### ACTIVITY
Aside from the pictures, copy the listing exactly.

=== DATA SHOWN ===

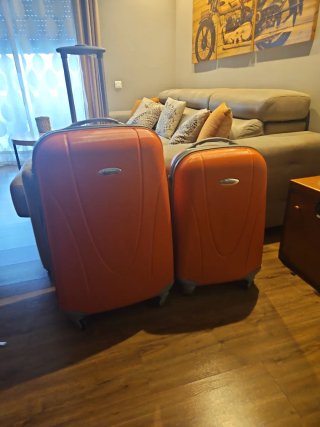 Juego de maletas naranja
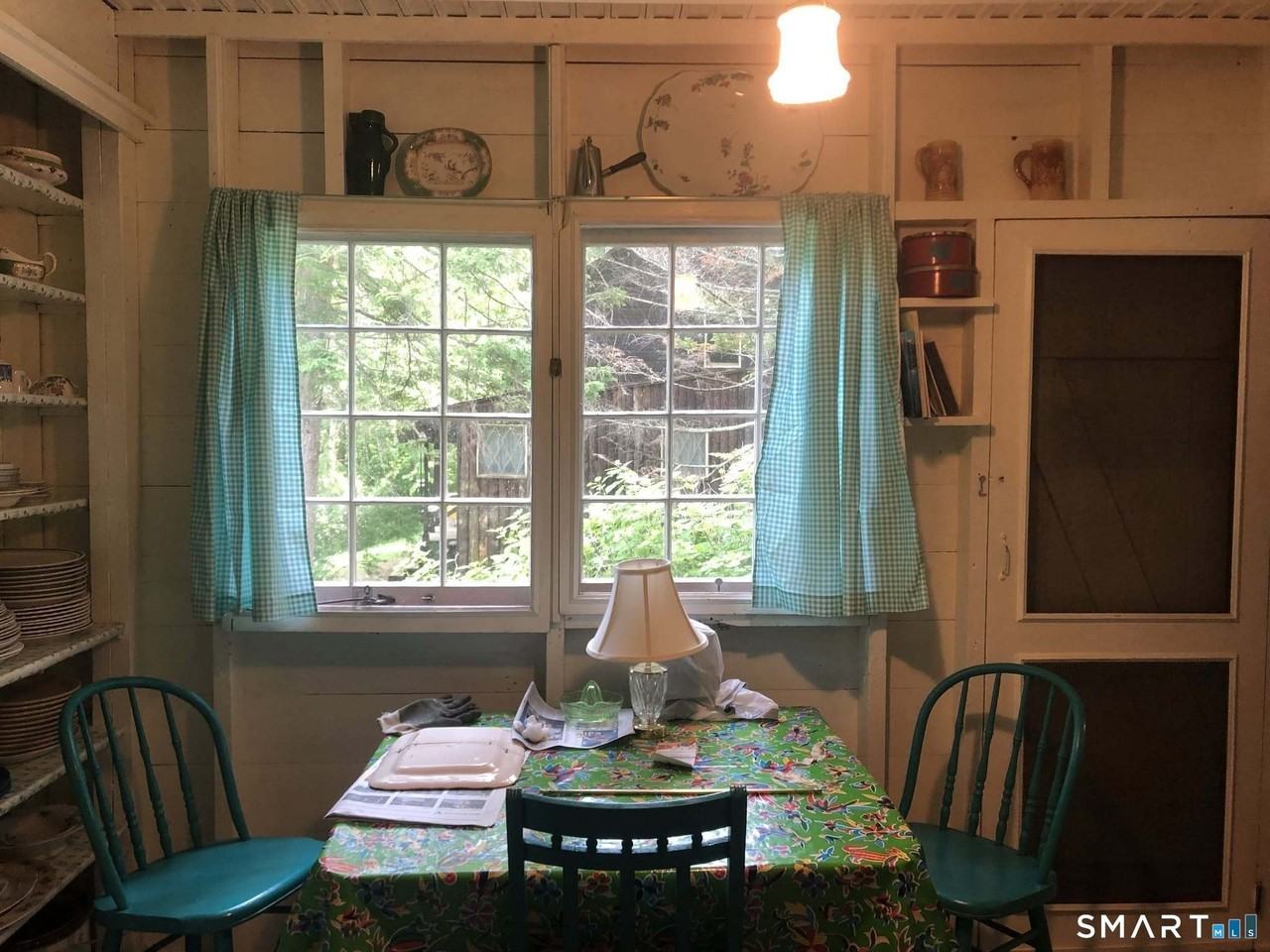 174 S Shore Rd - Photo 4 of 14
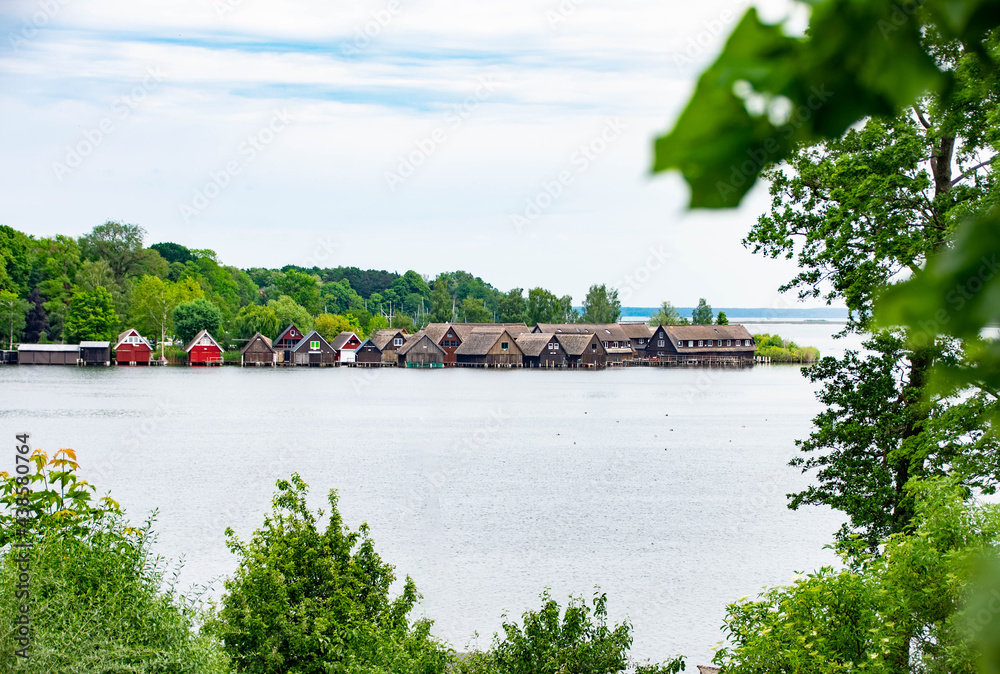 Fototapeta premium Häuser im Wasser an der Müritz Röbel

===

### RESPONSE AREA
 Juego de maletas naranja
 174 S Shore Rd - Photo 4 of 14
 Fototapeta premium Häuser im Wasser an der Müritz Röbel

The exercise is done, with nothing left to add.